Diyor ki;  "düşünün 2019'da birinci turda hiçbir aday yüzde 50'yi geçememiş, Kemal Kılıçdaroğlu ile Recep Tayyip Erdoğan ikinci tura kalmış.”

Böyle bir ihtimal mümkün değil bir kere. Çünkü Kılıçdaroğlu Cumhurbaşkanlığı adaylığına cesaret bile edemez. CHP Genel Başkanlığını kaybederim diye tabii ki… Yine bir ortayol adayı bulmaya çalışır. Ekmeleddin gibi.

Diyelim ki hayatında ilk defa cesur olmaya karar verdi ve aday oldu. O zaman Erdoğan'ın işi kolay. Zaten Erdoğan'ın da aradığı bu. Kılıçdaroğlu bu  sefer kesin olarak "Hanya'yı  Konya'yı görür.” İyi de olur. Belki o zaman ülkenin muhalefet sorunu çözülmüş olur. Türkiye'de iktidar sorunu olduğunu söyleyenler keşke, Türkiye'nin iktidar meselesi olmadığını, muhalefet meselesi olduğunu bilselerdi…

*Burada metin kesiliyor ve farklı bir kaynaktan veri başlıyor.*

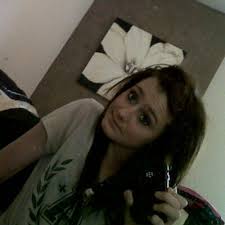 danielle edmond (@daanielle444)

Gelelim Fransa seçimine. Tüm Avrupa'da olduğu gibi Fransa'da da lider sıkıntısı var. Bozulan ekonomik dengeler, İngiltere'nin AB'den çıkması, büyük sosyal çalkantılar nedeniyle Avrupa ciddi sorunlar yaşıyor. Adeta şoktalar. Ne yapacağını bilememenin verdiği bir şaşkınlık içerisindeler. Fransa'da merkez sağ da, merkez sol da çöktü. Şimdi aradan kıl payı sıyrılmayı başaran Emmanuel Macron diye birine umut bağlamış görünüyorlar.

Ertuğrul Özkök, Türkiye ile yüzde 20 civarında oy alan adayların yarıştığı Fransa'yı birbiriyle kıyaslıyor. Kendine göre bir kıyaslama tabii... Ne kadar komik duruma düştüğünün farkında bile değil. Daha bir hafta önce yapılan seçimlerde yüzde 51.4 oy alan biriyle Fransa'da yüzde 20 civarında oy alan birini kıyaslamak komiklik değil de nedir?

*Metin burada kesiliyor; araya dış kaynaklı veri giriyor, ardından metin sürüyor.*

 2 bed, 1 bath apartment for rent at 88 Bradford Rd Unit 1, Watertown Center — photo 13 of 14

Buraya kadar her şey kabul edilebilir görünüyor. Özkük'ün de düşüncelerine demokrasi çerçevesinde saygı gösterilebilir. Ancak daha sonra resmen zıvanadan çıkıyor ve Erdoğan ile Stalin'i, Erdoğan İle FETÖ'nün ele başını kıyaslıyor.  Stalin'in "sosyalist gençlik” projesinin çöktüğünü, FETÖ'nün de "altın nesil” projesinin yok olduğunu hatırlatarak, son referandum ile birlikte Erdoğan'ın da gençlik projesinin çöktüğünü iddia ediyor. Bunu iddia ederken de Erdoğan'ın gençlik projesini "kindar ve dindar nesil projesi” olarak tanımlıyor. Utanmadan, arlanmadan…. Aymazlıkta sınır tanımadan…

Özkök, çareyi de "çağdaş eğitim ve çağdaş nesil” projesinde buluyor. Ey Özkök, biz sizin çağdaş eğitiminizi de çağdaş neslinizi de biliriz. Hani şu başörtülülere, İmam Hatiplilere eğitim hakkı vermeyen çağdaş eğitiminizi… Hani şu dün Kadıköy'de olduğu gibi cami minaresinde okunan ezanı yuhalayan çağdaş neslinizi… Çağdaş eğitiminiz de çağdaş nesliniz de sizin olsun, Mr. Özkök.

Hem sen ne anlarsın ki bu tür işlerden. Sen git Hürriyet Barında kavga çıkaran "en iyi 100 Türk albümü” listesiyle uğraşsana. Bak o işlerde üstüne yok. Hakkını verelim ki, o konularda süpersin…!

Ha unutmadan… Bir yoldaş olarak CHP ve Kemal Kılıçdaroğlu'na akıl vermeye de devam edebilirsin. Bizim için mahsuru yok.